Kiroro Peak, the third in Club Med’s portfolio in Hokkaido, also showcases how the group has been upscaling its facilities and all-inclusive holiday packages in recent times. Present in 30 countries across nearly 70 resorts, 85 per cent of its portfolio are now rated under the Premium & Exclusive Collection category.
(Related: Live, eat, and make craft at Maana Kiyomizu in Kyoto)
A bountiful spread at Haku
A highlight is the elevated buffet style cuisine, which it does exceptionally well in Japan. With a focus on regional and seasonal food products, there is no lack of ultra-fresh Hokkaido produce to savor. There are do-it-yourself kaisendons (fresh seafood rice bowls) at breakfast and sashimi at dinner, as well as seasonal fruits like mikan (mandarin oranges) and even luscious cheeses made from creamy Hokkaido cow milk.
For even more local culinary delights, check out the various specialty restaurants. For instance, Haku, Club Med Tomamu’s yakiniku joint features premium beef cuts, Hokkaido king crab, and local vegetables while Mina Mina, the nabe or hotpot restaurant at Club Med Sahoro offers up fresh seafood.
Junior Family Superior Room with tatami mats at Club Med Kiroro Peak
Back at Kiroro Peak, the alpine chic rooms are given a Japanese spin with patterned fabric motifs and tatami mats. My family deluxe room included a spacious living room that comes with a fold-out sofa bed.
The self-contained resorts also offer a host of apres-ski options so that guests need not venture into the cold after dark. Nothing beats a restorative soak in a Japanese ofuro bath – this is available at both Tomamu and Kiroro Peak – but a relaxing hour spent lounging at Tomamu’s Mina Mina Beach, the largest heated indoor wave pool in Japan, certainly came a close second.
The nightly live entertainment options range from musical numbers to acrobatic displays performed by the multi-talented G.Os and on occasion, include guest shows like a Japanese taiko drum performance. For more intimacy, I enjoyed the speakeasy vibes of Nest, the premium whiskey and sake bar at Tomamu.

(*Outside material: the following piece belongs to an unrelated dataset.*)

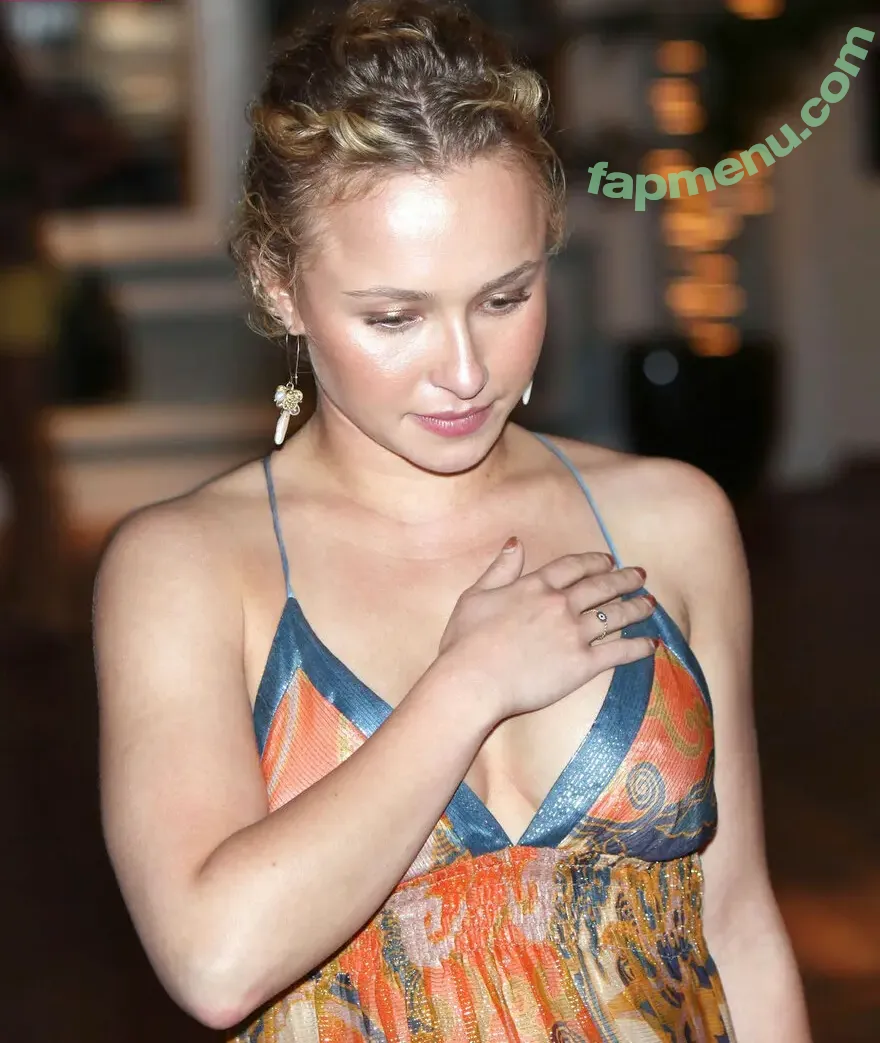 Hayden Panettiere nude photo #0979 (HaydenPanettiere / IHaydenPanettiere / haydenpanettier)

Still, the picture perfect snowscapes are the undoubted showstoppers of a Hokkaido trip. For those less inclined towards extreme sports, strap on a pair of snowshoes for a stunning hike through the wintry woods. It is hands down the best way to savor the tactile sensations of walking through powder snow. And of course, be prepared to duck because you never know when a friendly snowball might be tossed your way.